Huck is played by Elijah Wood, who mercifully seems free of cuteness and other affectations of child stars, and makes a resolute, convincing Huck. The real Huck (based on a childhood friend of Twain's) was probably much tougher and had rougher edges, but Huck has been sanitized for years in the movies (just as the Widow Douglas tried to "sivilize" the original). Jim, the crucial character in the story, is played by Courtney B. Vance, a New York stage actor who is able to embody the enormous tact with which Jim guides Huck out of the thickets of prejudice and sets him on the road to tolerance and decency.
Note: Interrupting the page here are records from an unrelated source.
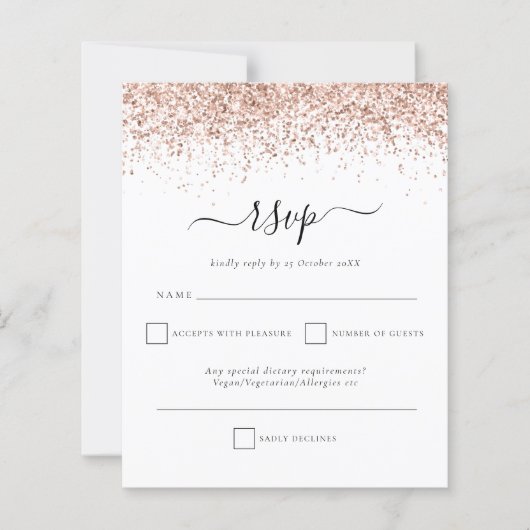 Budget Roos Gold Glitter script Wedding RSVP (Voorkant)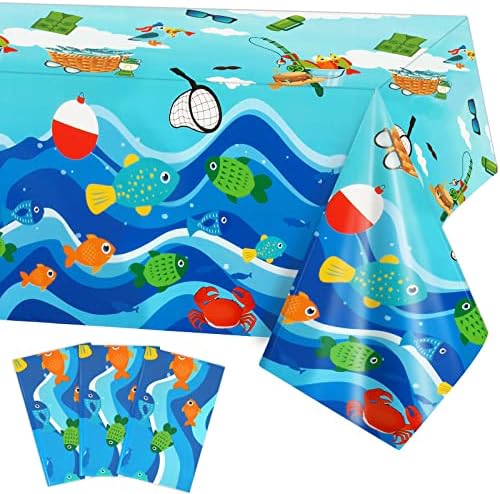 3 Pack Gone Fishing Tablecloths for Fishing Themed Birthday Party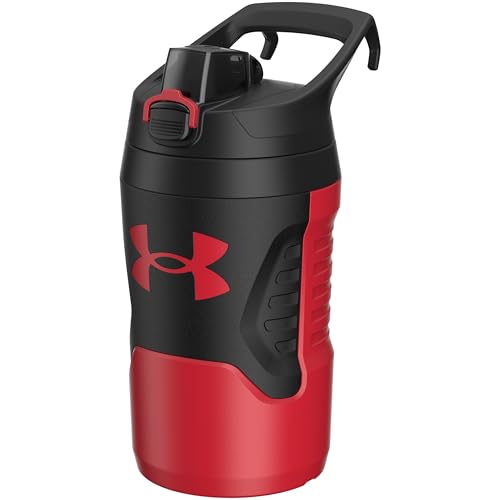 Under Armour 32 oz Insulated Water Bottles - Sports Water Jug with Fence Hook, Leak Resistant for Baseball, Football & More, 32 oz Insulated, Red/Black - color: Red/Black, size: 32 Ounces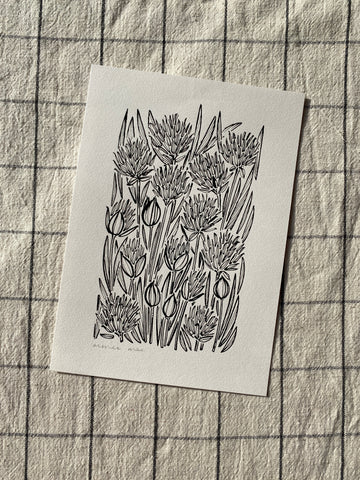 Chives Original Drawing - A5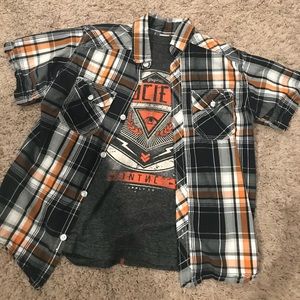 Short sleeve plaid button up with undershirt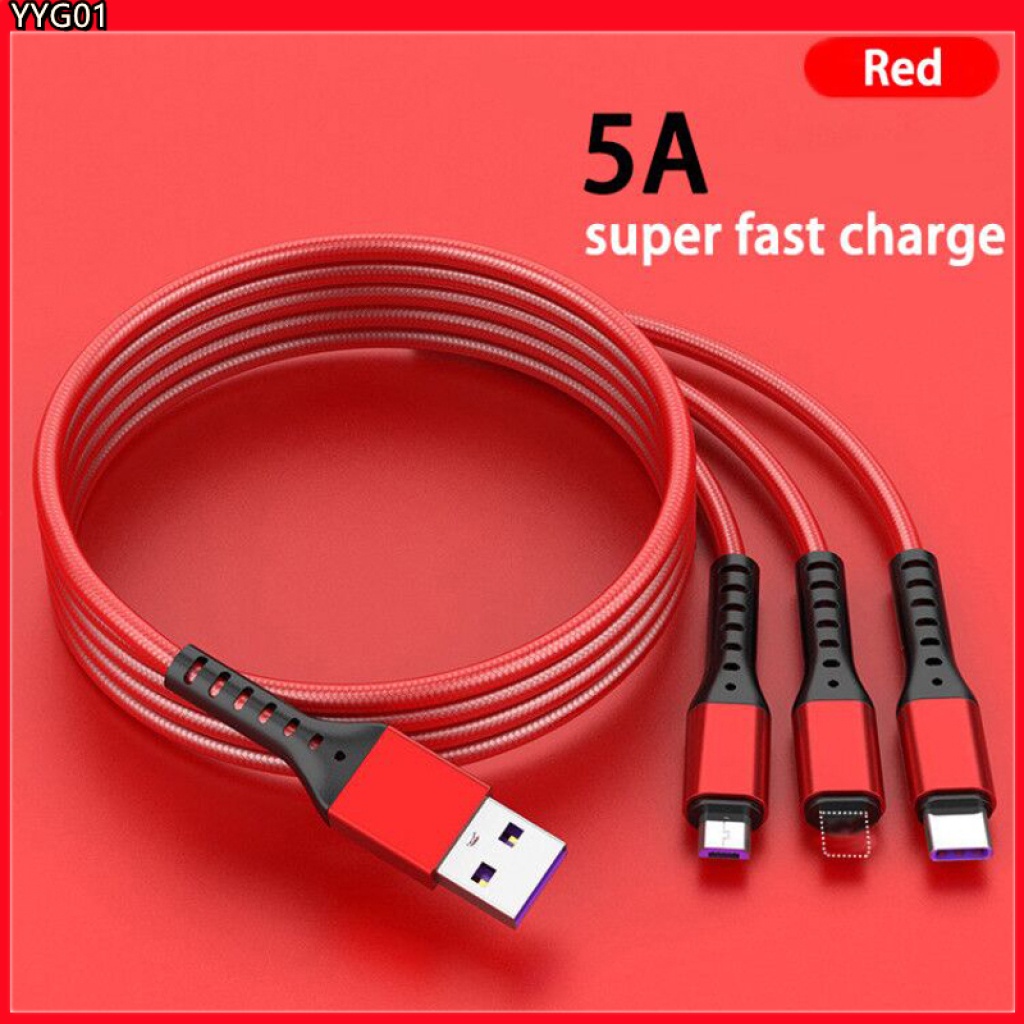 Cáp sạc nhanh USB loại C 3 trong 1 5A cho iPhone Samsung S10 Xiaomi 8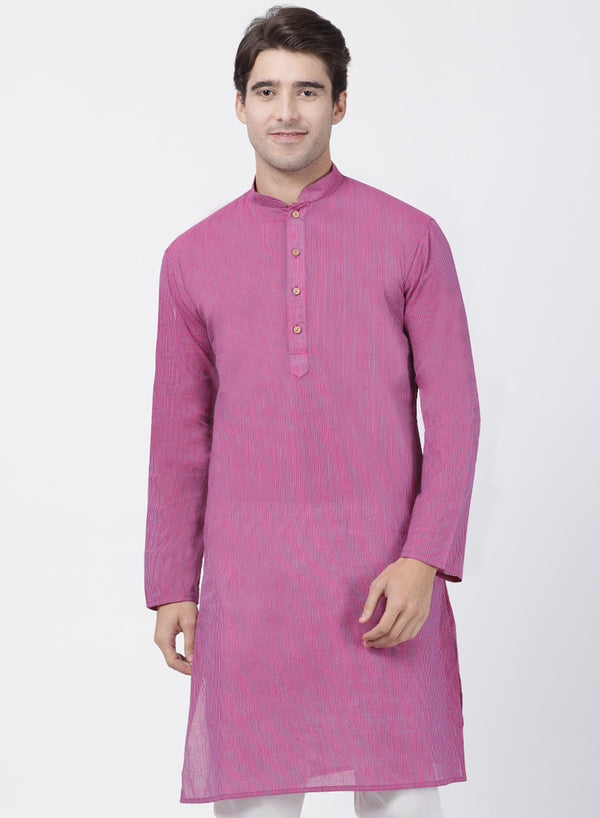 Vastramay Men's Purple Pure Cotton Kurta - Distacart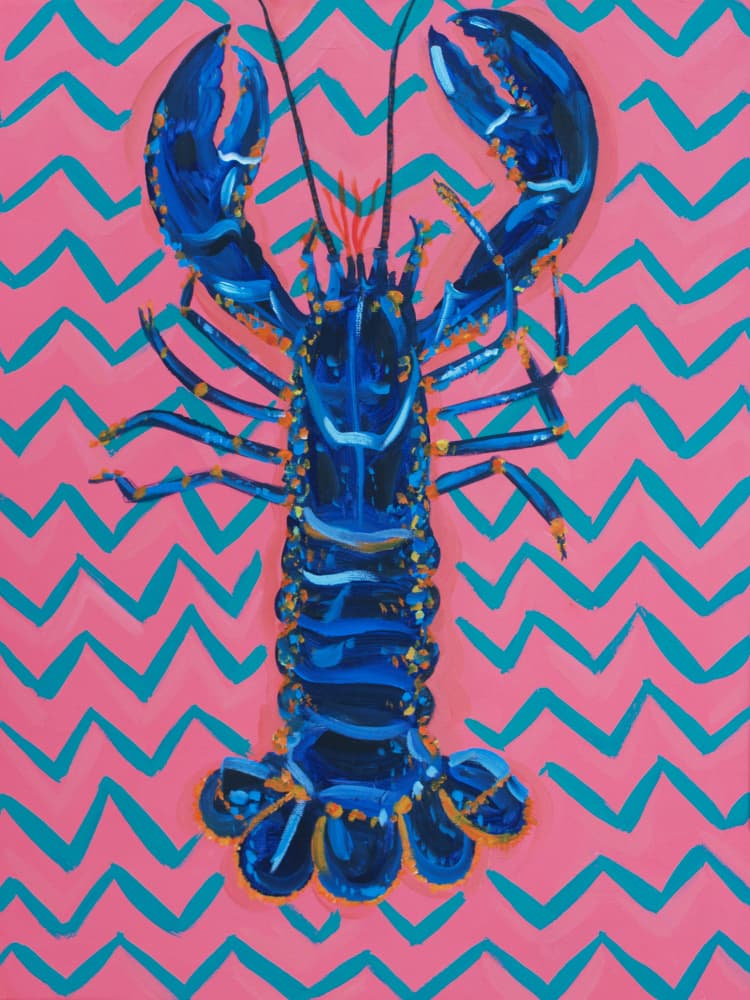 Vibrant Blue Lobster Chevron by Alice Straker — canvas wall art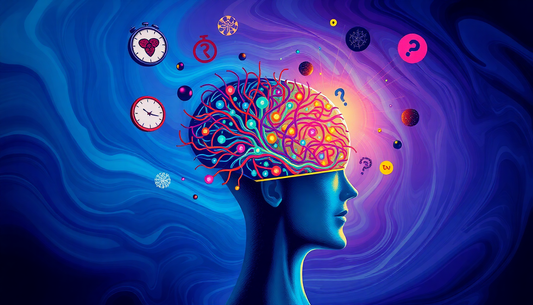 Abstract illustration of a human head with a colorful brain and symbols highlighting unique brain themed apparel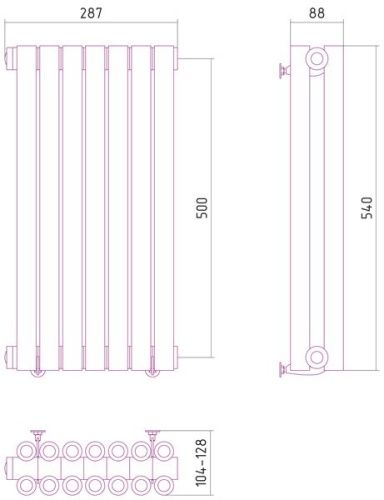 Радиатор отопления из нержавеющей стали Эстет 500х287 (7 секций) фото 2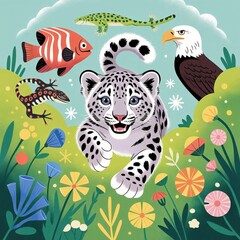 Cute Snow Leopard Cub Surrounded by Wildlife in a Floral Meadow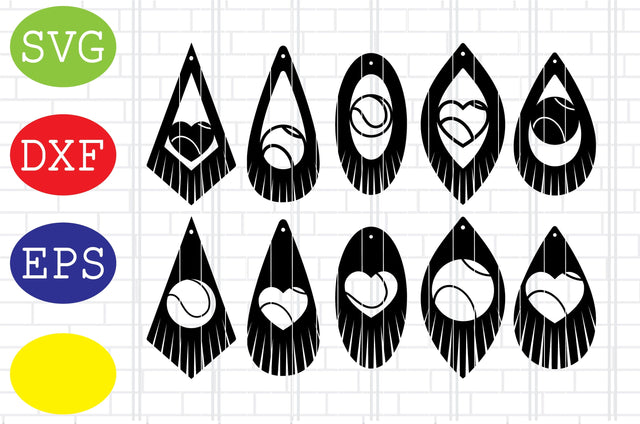 Fringe Tennis Earring Svg, Sport Earring Svg, Tennis Earrings Svg, Jpg, Eps, Dxf Files SVG DigitalSvgFiles 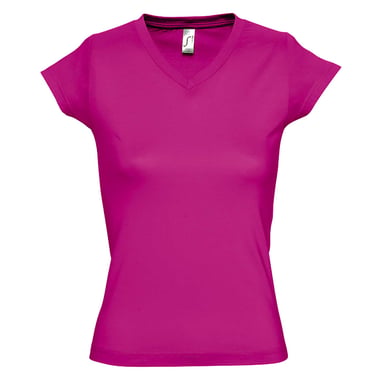 SOLs Womens/Ladies Moon V Neck Short Sleeve T-Shirt (Fuchsia)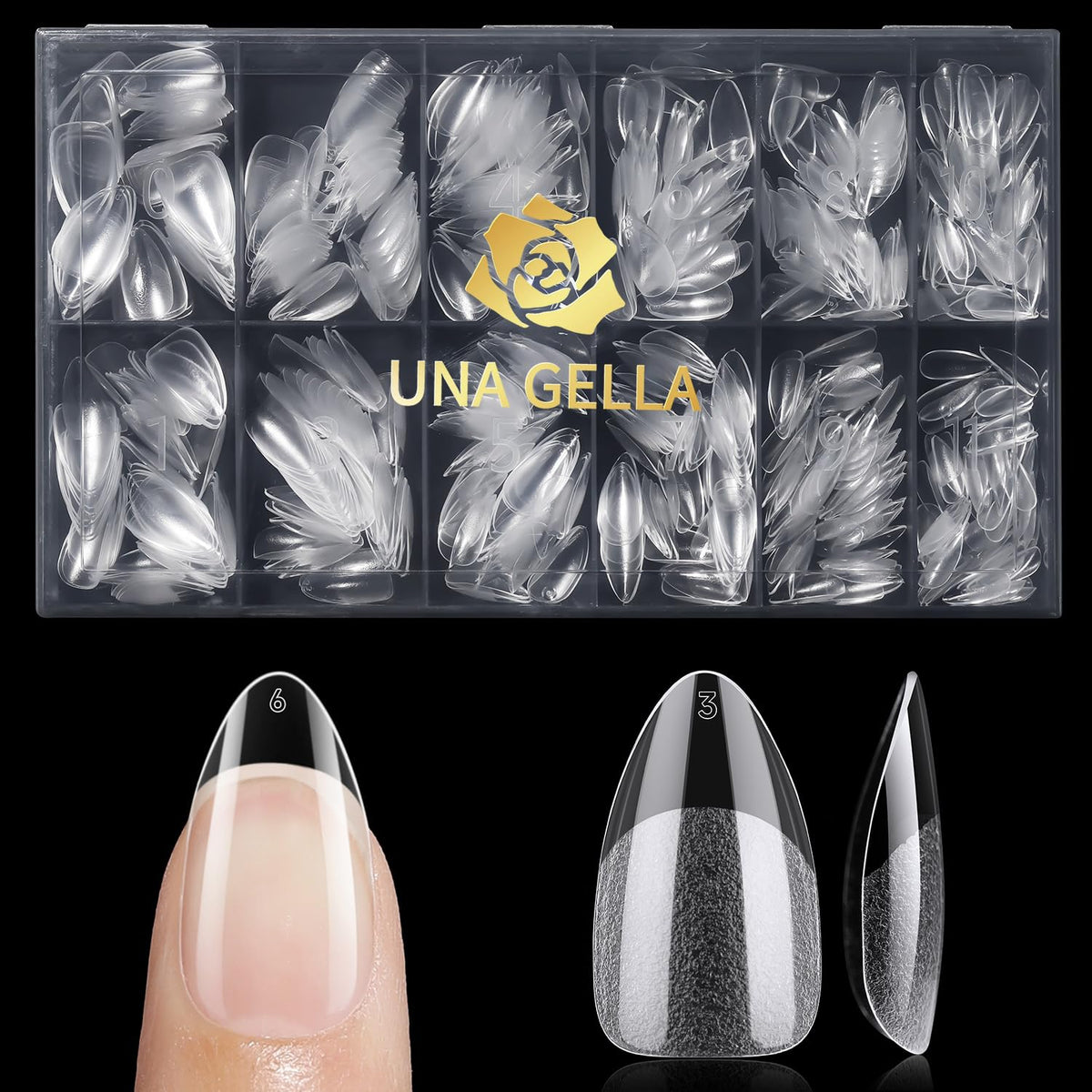 UNA GELLA front packaging showing 240 tips and box, clear organization benefit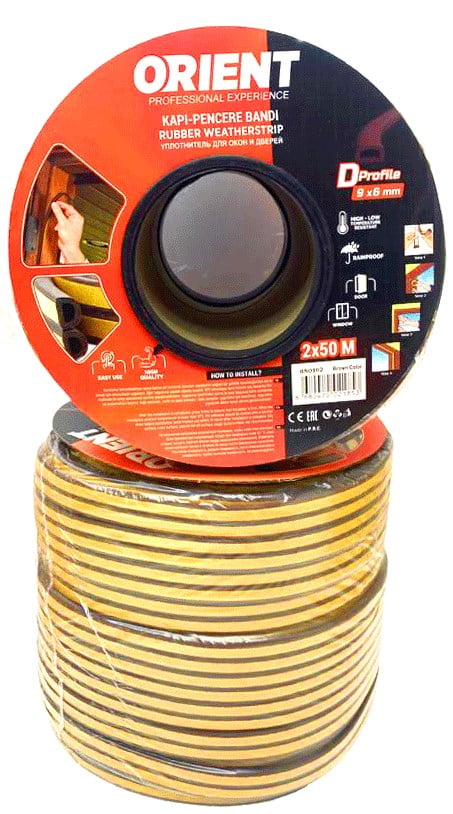 Kahverengi 100mt2x50mtbobin Fitil Kapı Pencere Bant Bx40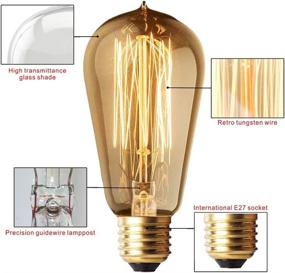 img 2 attached to 💡 Vintage Edison Light Bulbs 6 Pack - Dimmable ST58 40W Filament Antique Style Incandescent Bulbs, E26 Tear Drop Top Lamp for Chandeliers, Wall Sconces, Pendant Lighting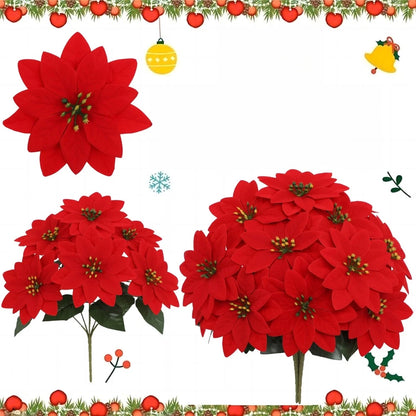 Poinsettia Silk Flower Arrangement for Festive Table Decor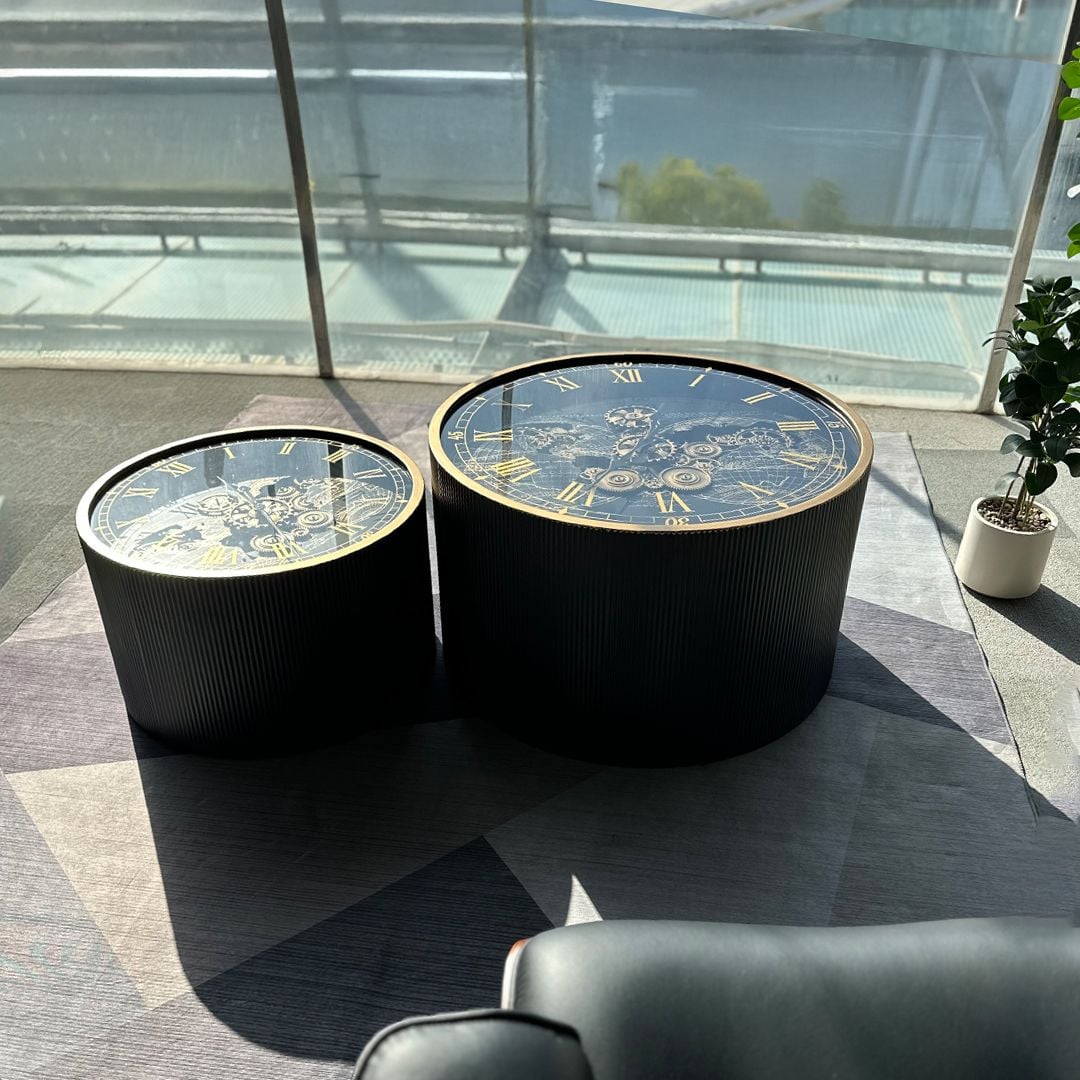 طقم طاولات بتصميم تروس ساعة فني فاخر - 16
The supporting cast is uniformly splendid, especially Jason Robards and Robbie Coltrane, as the King and the Duke, who impersonate visitors from England in an attempt to swindle two innocent sisters out of their inheritance. It was a little eerie, halfway through the movie, to realize that Twain wrote the original American road picture.

I read the book for the first time when I was 7, understanding every other word, and I have read it a dozen times since. For me, the best passages are those in which Huck and Jim are alone on the river, debating such curiosities as why the French speak a foreign language, and how many stars there are in the sky, and whether it is all right to steal fruits that are in season if you make a solemn vow not to steal fruits that are out of season. Twain punctuates these passages with lyrical descriptions of the mighty river, and of a thunderstorm that reminds him of barrels rolling down a giant staircase.

And then Huck and Jim drift onto the subjects of race and slavery, and Huck is bound to admit, after Jim explains it to him, that black people have the same feelings as everyone else, and are deserving of his respect. This process of Huck's conversion is one of the crucial events in American literature. Some cannot admire it and think it should not be taught in schools because Huck, like every boy of his time, used the "N" word. They are very short-sighted.

The movie, of course, doesn't use the word, nor does it really venture very far into the heart of Huck's transformation. It wants to entertain and fears to offend. But it is a good film with strong performances. Nothing in it is wrong, although some depths are lacking. I admired the performances, and Sommers' sense of time and place, and I hope the movie guides more people toward the book - which contains values that sometimes seem as rare today as when Jim was first teaching them to Huck.